Christophe Laporte è uno di quelli che nessuno vorrebbe avere al fianco in un finale di corsa. Perché è tosto, resistente, scaltro e veloce. Pure Jasper Stuyven è uno che nessuno vorrebbe avere affianco in un finale di corsa e per gli stessi motivi.

Biniam Girmay e Dries van Gestel però non avevano nessuna intenzione di fare la parte delle comparse perché in una corsa di quasi duecentocinquanta chilometri si sa mai come va a finire. Perché si sa mai davvero come si arriva di gambe a poche centinaia di metri dallo striscione d’arrivo.

Le gambe di Biniam Girmay è da un po’ che girano bene e pure lassù, al nord, lì dove non c’era mai stato, almeno di questa stagione. Poco male. Perché Biniam Girmay una cosa ha sempre detto: mi adatto.

Lo aveva detto la prima volta che era arrivato in Europa per correre; la prima volta che aveva affrontato una salita alpina; la prima volta che si era messo a inseguire uno di cui ne parlavano un gran bene e che aveva in sé tutta la fame cannibalesca del ciclismo. Prima tappa del Aubel-Thimister-Stavelot, subito a ruota di Remco Evenepoel e davanti a lui all’arrivo. Sempre Belgio, ma altro Belgio: Vallonia non Fiandre.

Mi adatto. Un adattamento che aveva uno scopo quello di vincere nelle Ardenne, perché era lì che andavano i suoi sogni.

Si è adattato pure alla Gent-Wevelgem. Cambi regolari, ma fino alla lanterna rossa. Lì è rimasto dietro, a chiudere il gruppo, perché c’è niente di meglio che partire dall’ultima posizione in una volata tra pochi.
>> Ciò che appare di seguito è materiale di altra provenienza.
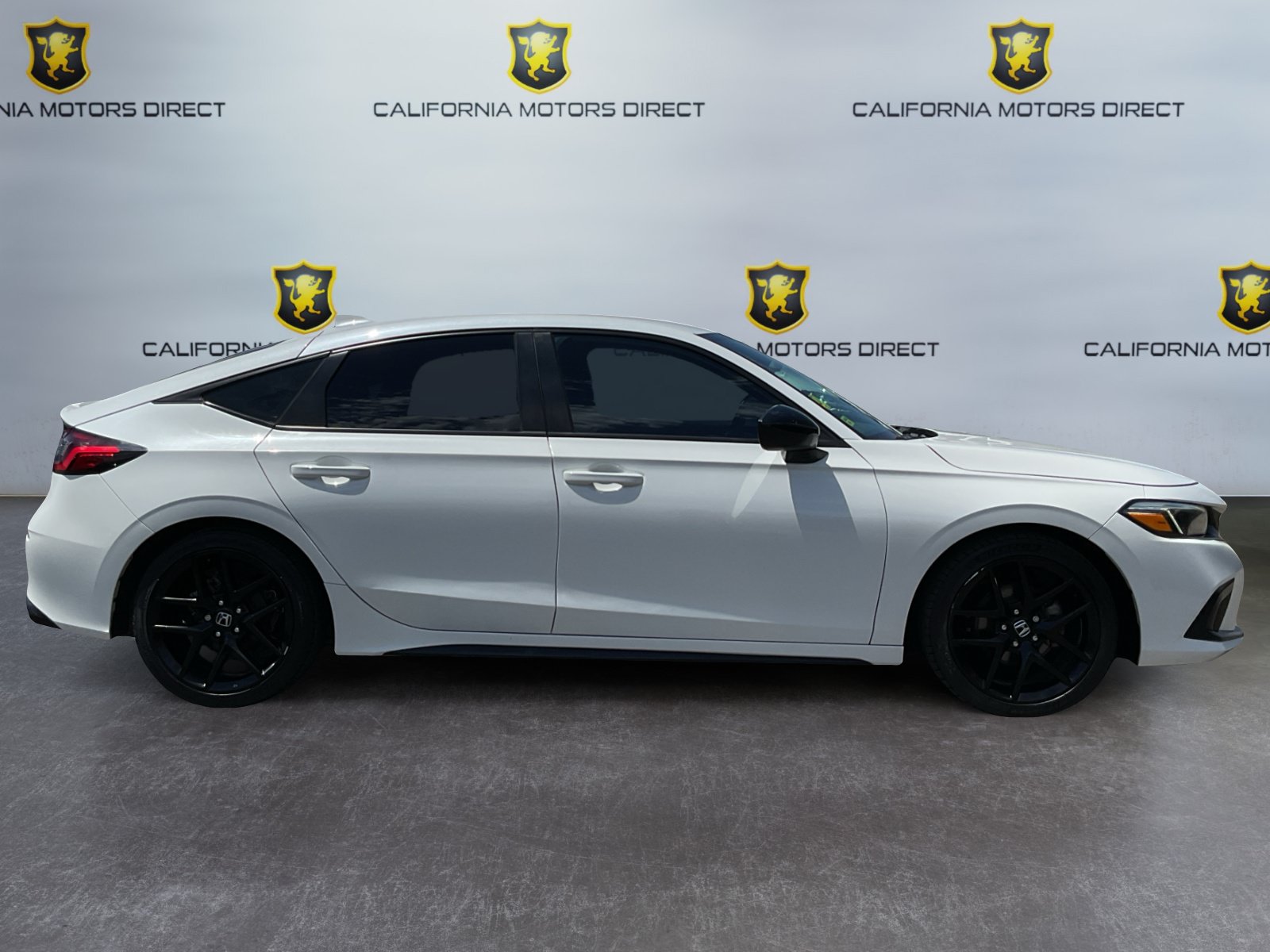 Used 2022 Honda Civic Sport image 4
Ting. Il deragliatore che si aziona e lui che si alza sui pedali ancora. Questa volta non per inseguire ma per anticipare. Perché così si fa quando l’arrivo è a un passo. E soprattutto quando si è fianco a fianco con gente come Christophe Laporte e Jasper Stuyven.

Perché così si fa e basta.

Biniam Girmay è un nome dolce e un cognome graffiante. Un nome e un cognome che sono un nuovo inizio e forse un nuovo universo. Quello del mondo unito del ciclismo.

C’era mai riuscito nessuno a partire dall’Africa e conquistare una classica. C’è riuscito Biniam Girmay.

E forse non poteva trovare luogo migliore. Perché a qualche decina di chilometri di distanza, oltre un secolo prima, il 19 aprile del 1896 a Roubaix, Hippolyte Figaro chiudeva diciassettesimo la prima edizione della Parigi-Roubaix, primo atleta nero della storia di questo sport a completare una classica monumento.

Soprattutto perché c’è nulla di più esclusivo e allo stesso tempo più inclusivo di quella terra di pietre da cavalcare in bicicletta. Ché il pavé è aperto a tutti, basta pedalarlo, diventare tutt’uno con esso. Vale per i corridori, vale soprattutto per le corse. I muri se li scambiano, sono territorio comune di tanti. Perché lassù al nord la bicicletta è una festa popolare e la festa è condivisione. E soprattutto è sempre meglio moltiplicarla che dividerla.

Biniam Girmay è moltiplicazione anch’esso. Di spazi e di confini. Di realtà e di passione. E alla Gent-Wevelgem anche di velocità e di sorpresa.

Perché prima o poi doveva succedere che uno come Biniam Girmay salisse sul gradino più alto del podio. E vedendo le prime gare di quest’anno tra i muri delle Fiandre era perfettamente possibile che potesse accadere anche queste latitudini. Quel giorno è arrivato domenica 27 marzo 2022.